そして、それは聞仲も同じであっただろう。
以前対峙した際の、絶望に歪んだ貌を思い出す。今自分の傍らにある男が、どれだけ孤独な男の支えになっていたことか、想像するに難くない。
なんというか、……ままならない。
妲己が現れる前、殷は輝いていたのだろう。稀代の賢君が君臨し、両雄によって支えられた帝国には、一点の曇りも見当たらなかったに違いない。
武成王がその時のことを忘れられないのも当然かもしれない。
「オメェにとっても、周の為にとってもいけないことかもしんないけどな。俺はアイツを今でも友人だと思ってるんだ……」
だから、その姿は自然で潔い。
「おぬしはおぬしらしくあるのが一番だよ」
言外に、それを許容していることを伝える。
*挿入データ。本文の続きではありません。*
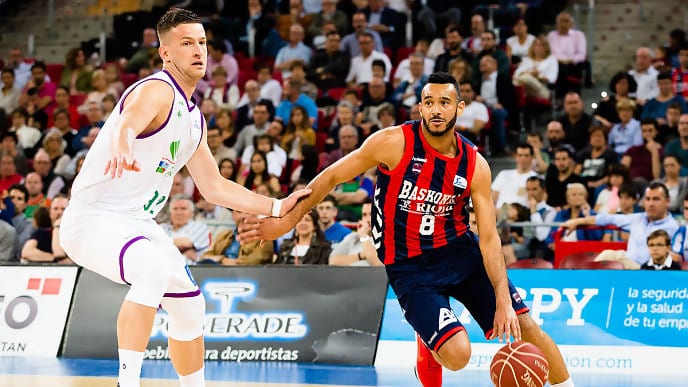 El Unicaja asalta el Buesa Arena (75-79)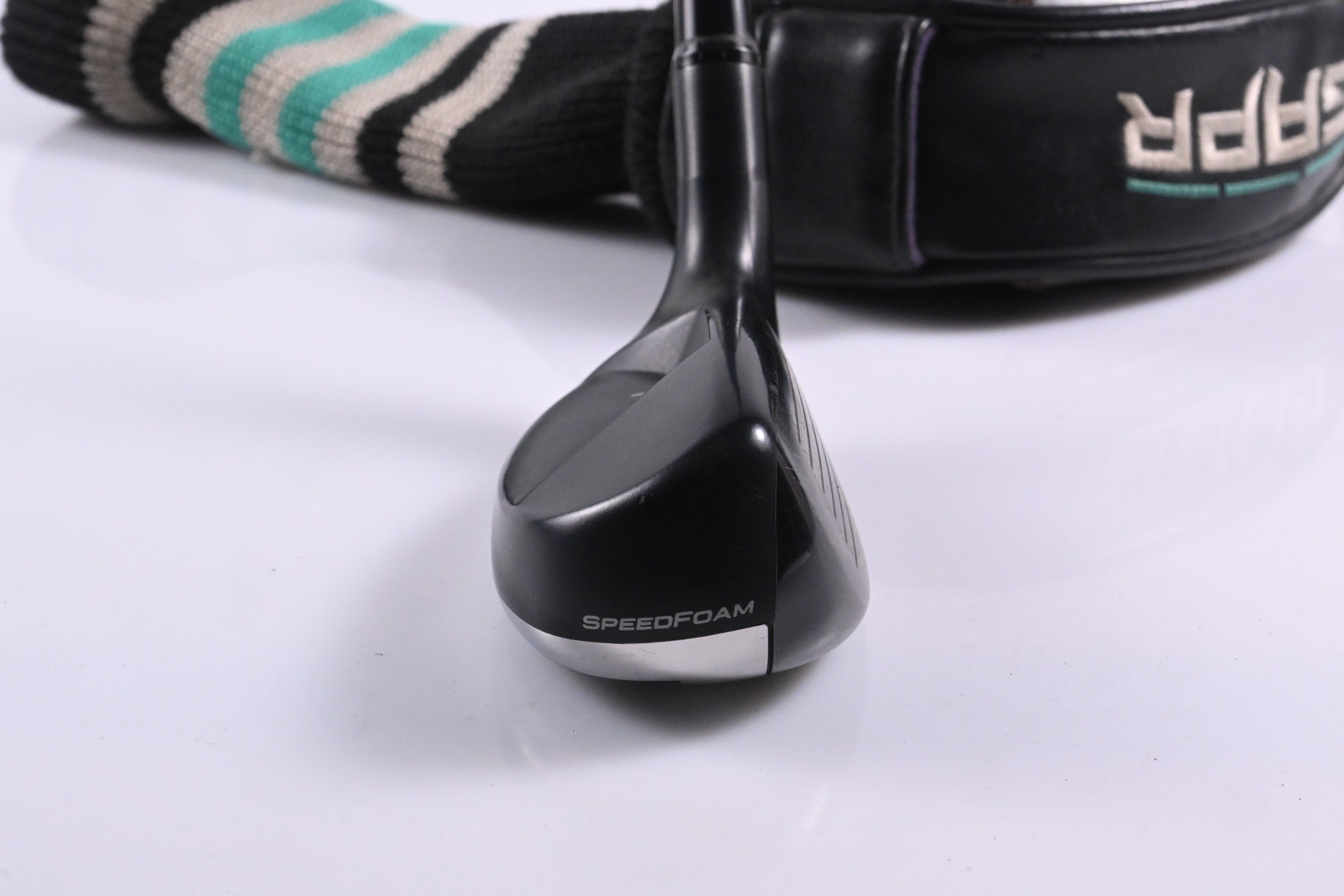 Taylormade GAPR Hi #4 Hybrid / 22 Degree / Regular Flex KBS Hybrid 70 Shaft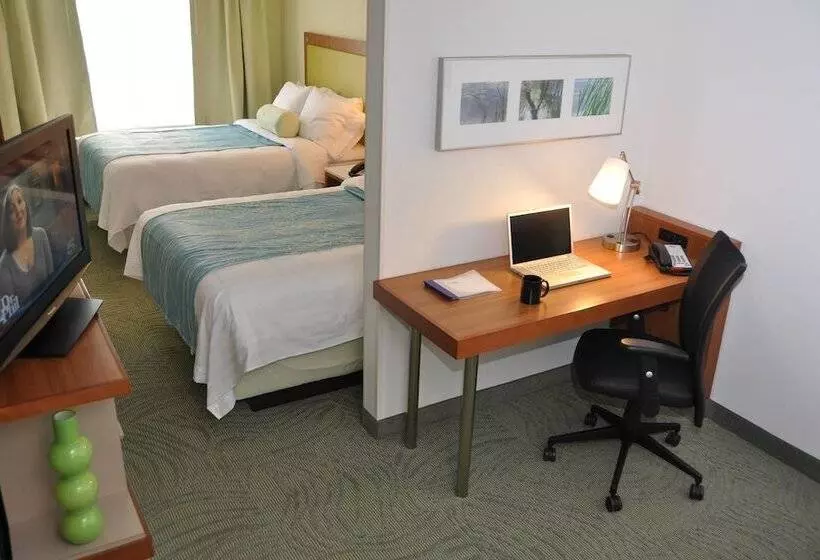 호텔 Springhill Suites Cincinnati North Forest Park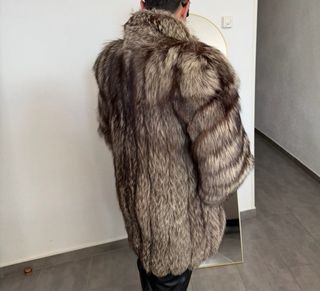 Abrigo Zorro Plateado Edición Limitada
察して、巨漢は照れ笑いのような、複雑な表情を浮かべた。
「………悪ィ。あの時俺は『甘えは許さねぇ』って、言った筈なのにな。テメェが甘ったれたトコ見せてどーすんだか」
「ここでの会話はオフレコだ。のうスープー?」
「そうっスよ!大丈夫っス!!」
四不象は、生来のお人好しさでもって精一杯気を引き立たせようとする。その微笑ましい姿に、武成王も一瞬懊悩を忘れた貌を見せた。これは、太公望には無理である。
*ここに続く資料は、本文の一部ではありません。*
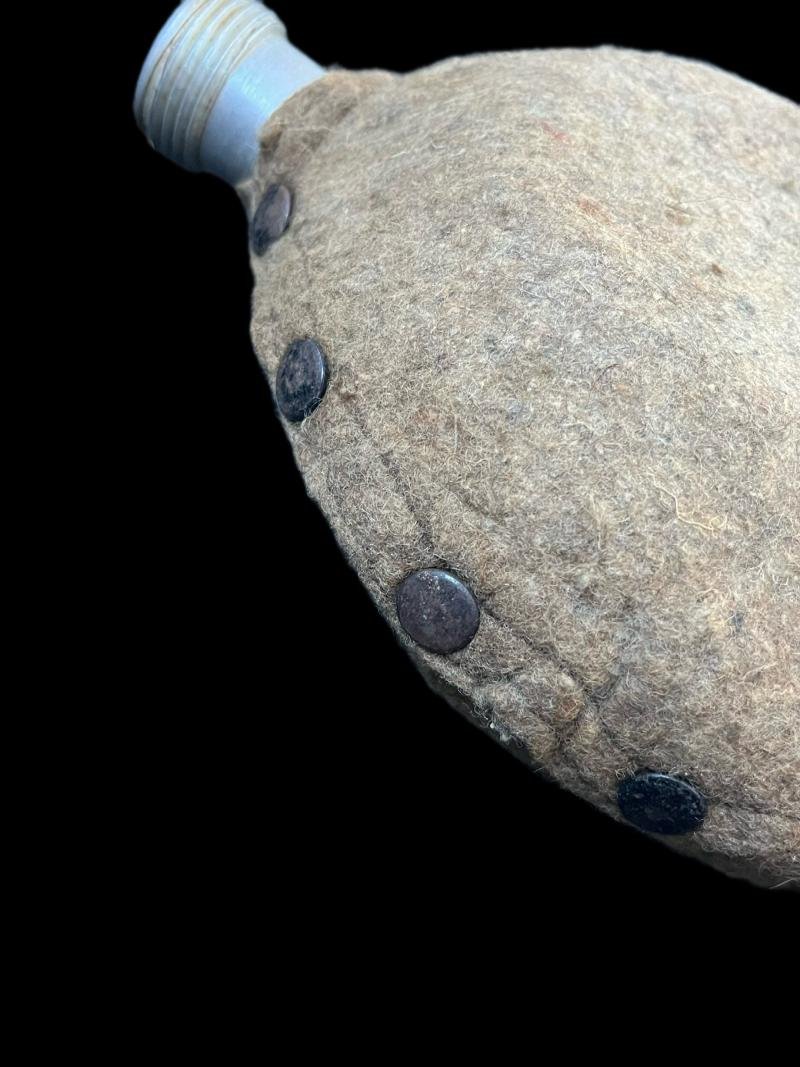 (Was £35) WW2 GERMAN WATER BOTTLE WITH COVER — image 3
ちらりと、まっさらの包帯を巻かれたかつての左腕を眺め遣る。
殷郊・殷郊兄弟の苦しみに比すれば、殷という国の断末魔の苦しみを鑑みれば、腕の一本など安いものであろうに、皆はそう思わないらしい。
太公望は、苦い笑みを刷く。
武成王も、かつて己の言った言葉を悔いているように見える。本当に、腕を呉れてやること位で霧散する罪悪感などあろうか。皆は勘違いをしている。
その点では、王太子封神に罪悪感を感じている武成王も思考を自らに引き寄せすぎて考えている。
「くくっ……」
「なんだ、気持ち悪イな」
「なに、情けなくしょぼくれている開国武成王の姿など、滅多に見れるもんではないて。貴重なモノを拝ませて貰ったのぅ」
「御主人!!」
四不象が咎めるような視線を寄越す。それにニヤニヤ笑いで受け止めると、怒りが一転、呆れた溜息に換わる。こうして、相棒は色々なことを受け入れてくれる。
「まぁなんだ。……ままならないモンだな」
最前の太公望の思考と同じ言葉を口にして、武成王は彼方に目を遣った。
つられるように太公望も、視線をそちらに向ける。
最初、太公望が見ていたのは西の空。
黄飛虎が眺めていたのは東。……待つ者の誰一人居ない彼の故郷。
「……ま、そんなにままならんもんでもなかろうよ」
あっけからんとした口調で呟いて、太公望は遠い空……、今も友の住んでいる第二の故郷のある方角へ目を向けた。
視界が、紅く染まっていた。
長年連れ添った霊獣が死ぬ前に感嘆していた、夕陽の所為であろうか。
……額から流れる血が、霞む視界をより阻んでいることを知っている聞仲だった。
もう痛覚も麻痺してしまった脚がふらつき、絶えきれず聞仲は地に膝を着いた。
太公望はそれ以上の攻撃を仕掛けてくることなく、力無く咳き込む自分を見守っている。
この敵の持つ高潔さこそが、聞仲をして最後まで太公望に対する憎しみを抱かせなかった、理由であるかもしれない。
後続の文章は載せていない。